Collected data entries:
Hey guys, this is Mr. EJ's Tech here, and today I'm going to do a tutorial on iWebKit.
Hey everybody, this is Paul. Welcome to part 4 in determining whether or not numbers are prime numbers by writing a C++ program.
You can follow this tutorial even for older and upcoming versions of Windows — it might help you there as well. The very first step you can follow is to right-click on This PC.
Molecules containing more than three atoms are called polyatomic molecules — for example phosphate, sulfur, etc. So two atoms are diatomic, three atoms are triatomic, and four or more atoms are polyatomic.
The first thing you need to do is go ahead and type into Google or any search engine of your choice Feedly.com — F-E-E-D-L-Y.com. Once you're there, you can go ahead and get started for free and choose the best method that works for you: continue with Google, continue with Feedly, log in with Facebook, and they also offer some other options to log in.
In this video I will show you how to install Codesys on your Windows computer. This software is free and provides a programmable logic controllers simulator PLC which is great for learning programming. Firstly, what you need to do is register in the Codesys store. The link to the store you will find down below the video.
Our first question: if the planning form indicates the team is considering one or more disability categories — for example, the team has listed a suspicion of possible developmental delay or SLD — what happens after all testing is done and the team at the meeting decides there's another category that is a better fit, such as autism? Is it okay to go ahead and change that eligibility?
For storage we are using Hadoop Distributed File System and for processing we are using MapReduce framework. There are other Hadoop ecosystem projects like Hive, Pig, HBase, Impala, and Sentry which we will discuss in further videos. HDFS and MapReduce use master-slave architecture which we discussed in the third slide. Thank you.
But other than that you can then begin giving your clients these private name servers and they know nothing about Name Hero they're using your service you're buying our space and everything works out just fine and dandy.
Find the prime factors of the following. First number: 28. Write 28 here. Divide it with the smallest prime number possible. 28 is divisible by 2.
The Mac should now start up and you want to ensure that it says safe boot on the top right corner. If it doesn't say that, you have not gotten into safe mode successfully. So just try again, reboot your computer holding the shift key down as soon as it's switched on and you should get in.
* * *
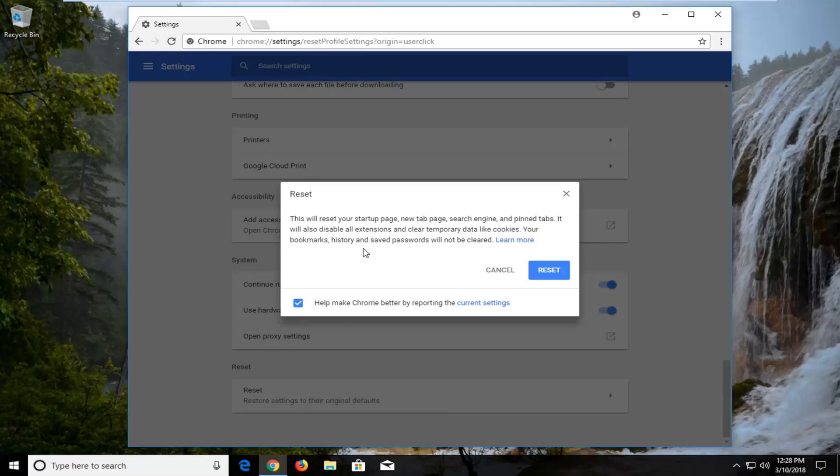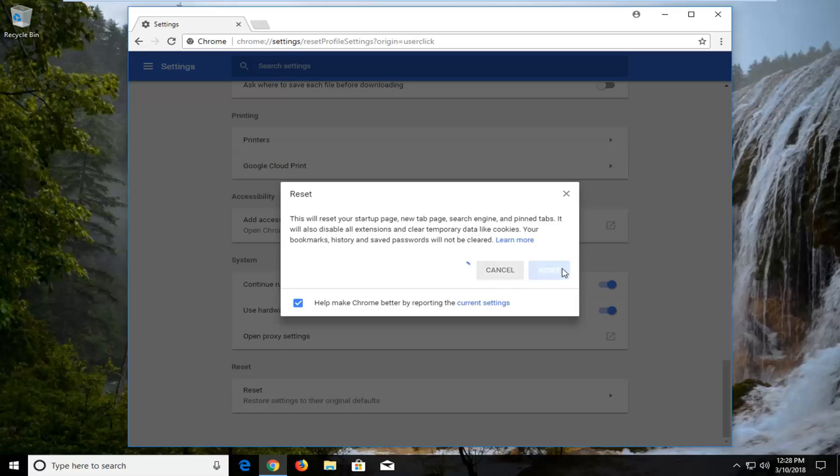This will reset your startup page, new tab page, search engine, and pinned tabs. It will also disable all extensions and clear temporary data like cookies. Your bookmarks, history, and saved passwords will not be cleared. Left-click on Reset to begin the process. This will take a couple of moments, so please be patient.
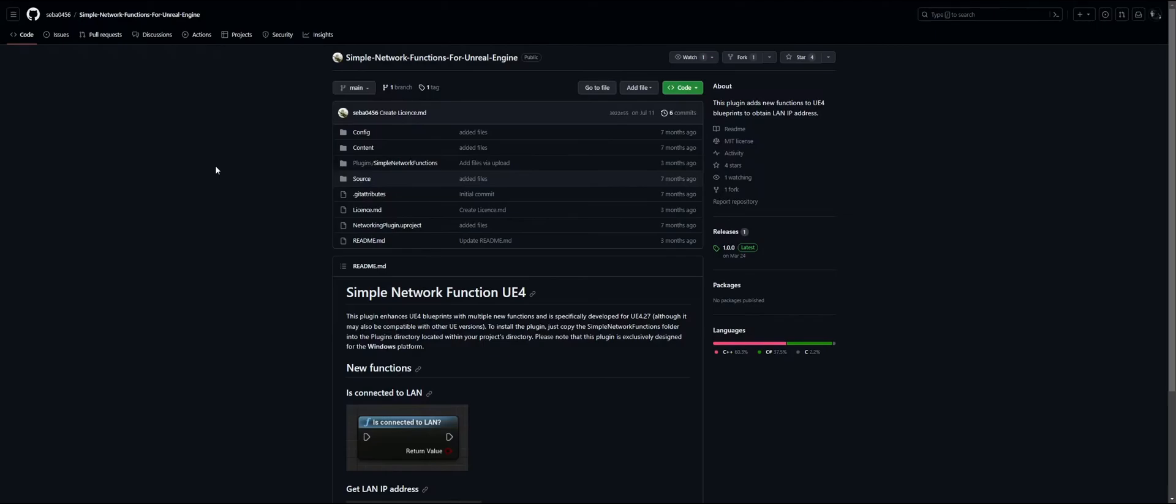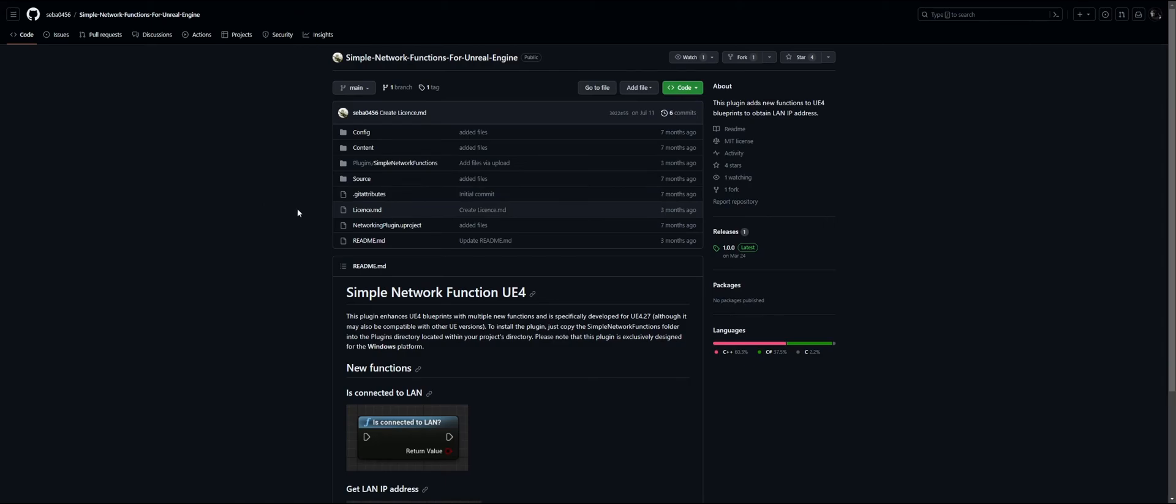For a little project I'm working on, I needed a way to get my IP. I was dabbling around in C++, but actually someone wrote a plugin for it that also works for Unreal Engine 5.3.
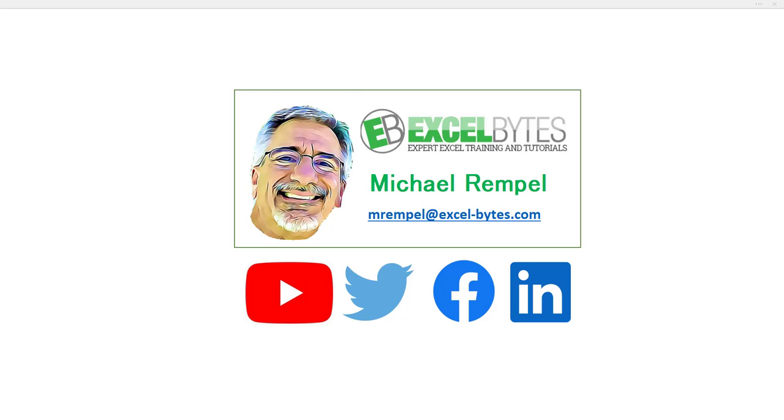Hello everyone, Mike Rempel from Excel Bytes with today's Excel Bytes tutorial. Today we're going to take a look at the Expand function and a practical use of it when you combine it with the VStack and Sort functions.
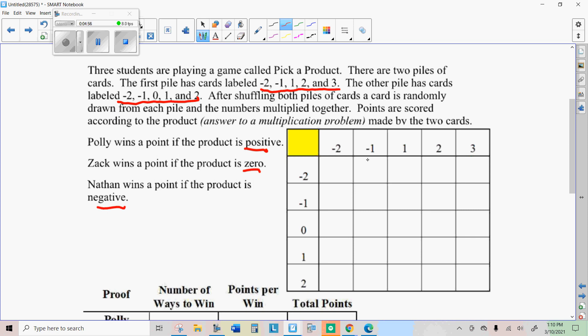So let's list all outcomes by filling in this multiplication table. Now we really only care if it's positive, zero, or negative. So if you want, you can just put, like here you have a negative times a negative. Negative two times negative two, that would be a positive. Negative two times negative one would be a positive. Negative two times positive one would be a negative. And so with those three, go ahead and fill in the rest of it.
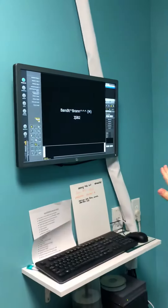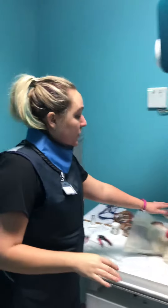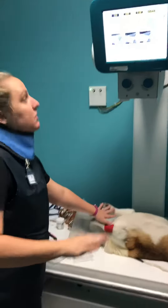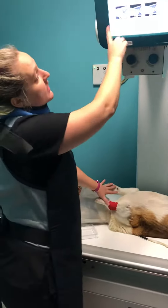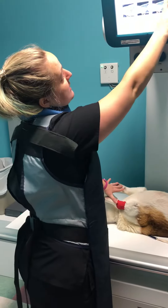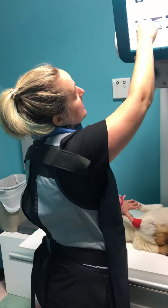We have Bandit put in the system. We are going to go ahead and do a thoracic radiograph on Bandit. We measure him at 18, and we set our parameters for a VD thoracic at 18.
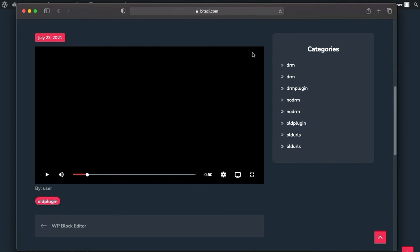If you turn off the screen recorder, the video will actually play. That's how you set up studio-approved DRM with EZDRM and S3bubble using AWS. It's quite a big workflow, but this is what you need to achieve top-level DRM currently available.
---
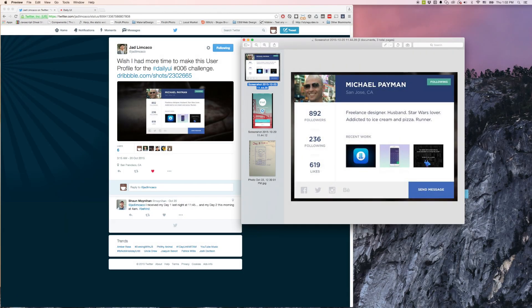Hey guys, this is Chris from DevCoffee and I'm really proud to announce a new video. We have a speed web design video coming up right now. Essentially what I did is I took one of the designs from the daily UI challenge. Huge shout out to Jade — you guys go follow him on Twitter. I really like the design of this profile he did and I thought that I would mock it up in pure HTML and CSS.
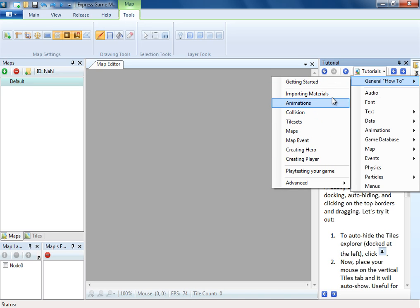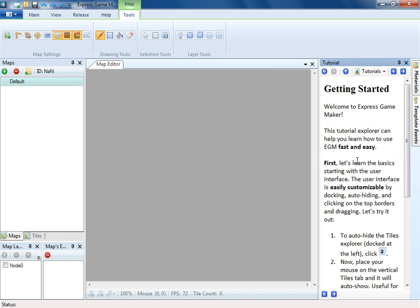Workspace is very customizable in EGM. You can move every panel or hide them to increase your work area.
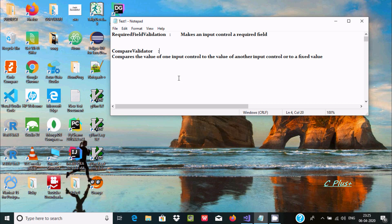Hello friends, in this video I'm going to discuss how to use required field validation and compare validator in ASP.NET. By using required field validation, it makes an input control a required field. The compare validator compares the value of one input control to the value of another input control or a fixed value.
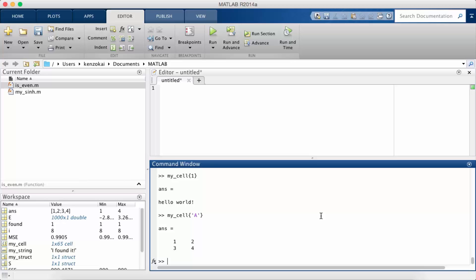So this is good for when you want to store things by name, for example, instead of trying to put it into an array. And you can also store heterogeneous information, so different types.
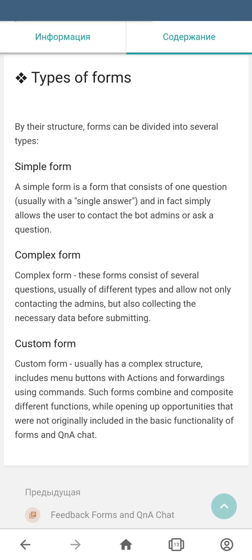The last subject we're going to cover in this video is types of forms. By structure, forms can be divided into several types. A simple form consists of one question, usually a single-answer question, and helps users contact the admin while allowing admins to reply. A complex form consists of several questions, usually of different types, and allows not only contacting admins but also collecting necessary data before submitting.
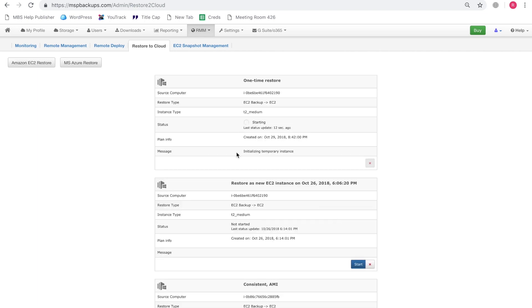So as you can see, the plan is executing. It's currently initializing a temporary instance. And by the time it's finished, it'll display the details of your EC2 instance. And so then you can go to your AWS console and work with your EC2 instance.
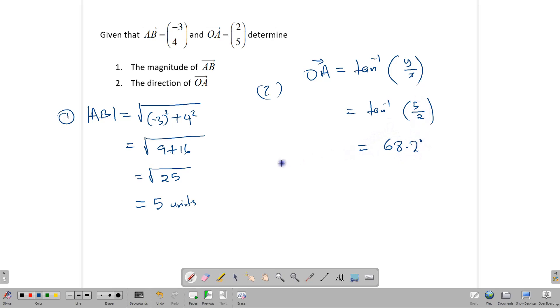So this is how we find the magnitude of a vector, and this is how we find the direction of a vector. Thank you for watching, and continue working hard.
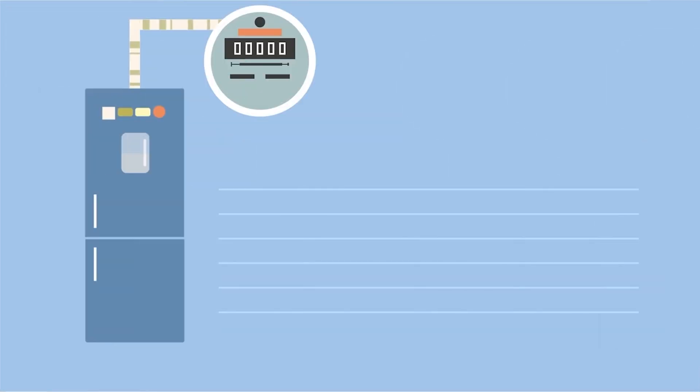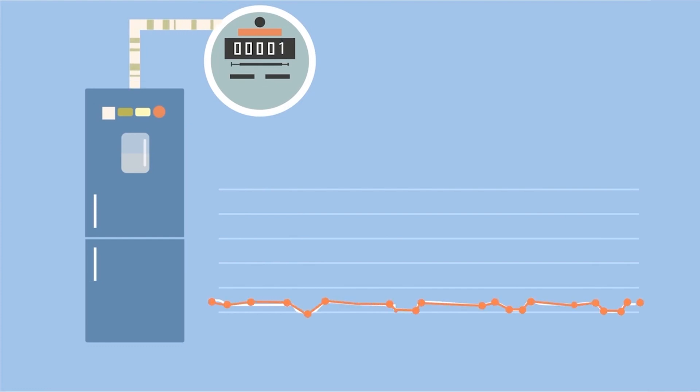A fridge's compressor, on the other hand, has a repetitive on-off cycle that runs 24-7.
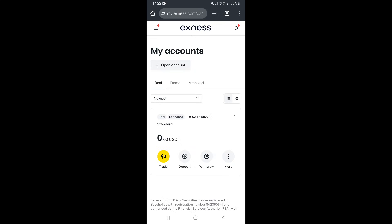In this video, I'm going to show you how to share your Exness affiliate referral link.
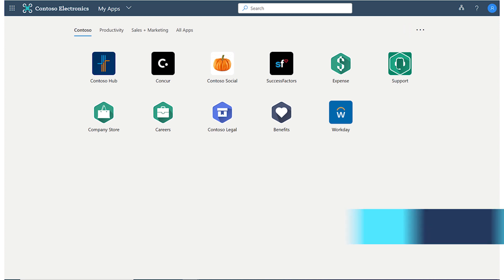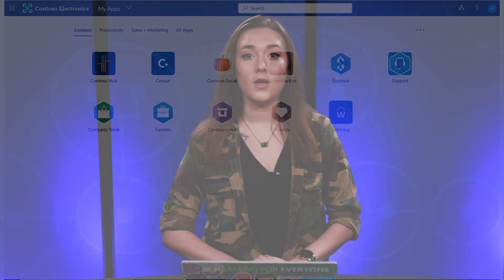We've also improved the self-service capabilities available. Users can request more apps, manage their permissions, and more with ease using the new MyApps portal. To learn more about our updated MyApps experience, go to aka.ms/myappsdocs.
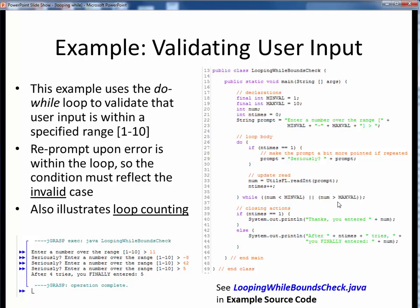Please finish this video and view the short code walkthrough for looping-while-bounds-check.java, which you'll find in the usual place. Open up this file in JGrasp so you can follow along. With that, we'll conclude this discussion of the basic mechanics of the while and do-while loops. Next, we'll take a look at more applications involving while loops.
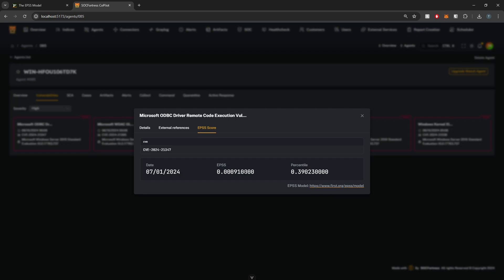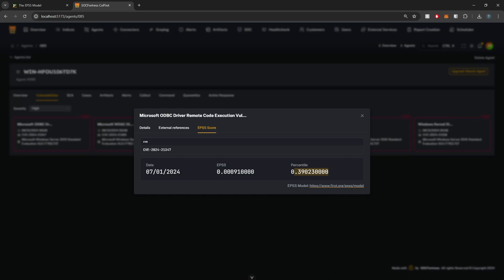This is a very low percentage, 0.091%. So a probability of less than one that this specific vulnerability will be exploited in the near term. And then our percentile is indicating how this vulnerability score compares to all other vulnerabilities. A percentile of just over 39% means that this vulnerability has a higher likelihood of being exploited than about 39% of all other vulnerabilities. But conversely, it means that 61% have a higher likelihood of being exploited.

TASK PROMPT » Beginning with the line above that contains "We've also improved" and ending with the line that contains "This is a very", quote each line exactly, keeping out the pictures.

WRITTEN RESPONSE »
We've also improved the self-service capabilities available. Users can request more apps, manage their permissions, and more with ease using the new MyApps portal. To learn more about our updated MyApps experience, go to aka.ms/myappsdocs.
Please finish this video and view the short code walkthrough for looping-while-bounds-check.java, which you'll find in the usual place. Open up this file in JGrasp so you can follow along. With that, we'll conclude this discussion of the basic mechanics of the while and do-while loops. Next, we'll take a look at more applications involving while loops.
This is a very low percentage, 0.091%. So a probability of less than one that this specific vulnerability will be exploited in the near term. And then our percentile is indicating how this vulnerability score compares to all other vulnerabilities. A percentile of just over 39% means that this vulnerability has a higher likelihood of being exploited than about 39% of all other vulnerabilities. But conversely, it means that 61% have a higher likelihood of being exploited.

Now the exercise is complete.